Additional Information and Where to Find It

This communication does not constitute an offer to sell or the solicitation of an offer to buy any securities or a solicitation of any vote or approval. This communication may be deemed to be solicitation material in respect of the proposed merger between LyondellBasell and Schulman. In connection with the proposed transaction, Schulman plans to file a proxy statement with the SEC. SHAREHOLDERS OF SCHULMAN ARE URGED TO READ THE PROXY STATEMENT (INCLUDING ANY AMENDMENTS OR SUPPLEMENTS THERETO ANY DOCUMENTS INCORPORATED BY REFERENCE THEREIN) AND OTHER RELEVANT DOCUMENTS IN CONNECTION WITH THE TRANSACTION THAT SCHULMAN WILL FILE WITH THE SEC WHEN THEY BECOME AVAILABLE BECAUSE THEY WILL CONTAIN IMPORTANT INFORMATION ABOUT THE PROPOSED TRANSACTION AND THE PARTIES TO THE TRANSACTION. Shareholders and investors will be able to obtain free copies of the proxy statement and other relevant materials (when they become available) and other documents filed by Schulman at the SEC’s web site at www.sec.gov. Copies of the proxy statement (when they become available) and the filings that will be incorporated by reference therein may also be obtained, without charge, from Schulman’s website, aschulman.com, under the heading “Investors” or by contacting Schulman’s Investor Relations at 330-668-7346 or jennifer.beeman@aschulman.com.
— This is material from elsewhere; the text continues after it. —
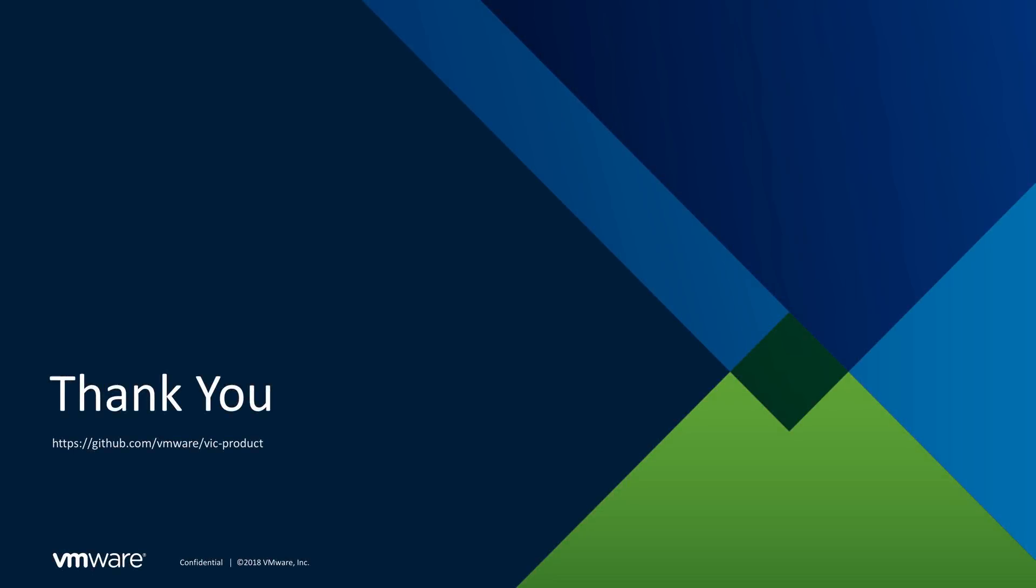Thanks for watching, and you can find out more about vSphere Integrated Containers at github.com slash vmware slash vic dash product.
Participants in the Solicitation

LyondellBasell, Schulman, their directors, executive officers and certain employees may be deemed, under SEC rules, to be participants in the solicitation of proxies in respect of the proposed merger. Information regarding LyondellBasell’s directors and executive officers is available in its proxy statement filed with the SEC on April 6, 2017. Information regarding Schulman’s directors and executive officers is available in its proxy statement filed with the SEC on October 27, 2017. Other information regarding the participants in the proxy solicitation and a description of their direct and indirect interests, by security holdings or otherwise, will be contained in the proxy statement and other relevant materials to be filed with the SEC (when they become available). These documents can be obtained free of charge from the sources indicated above.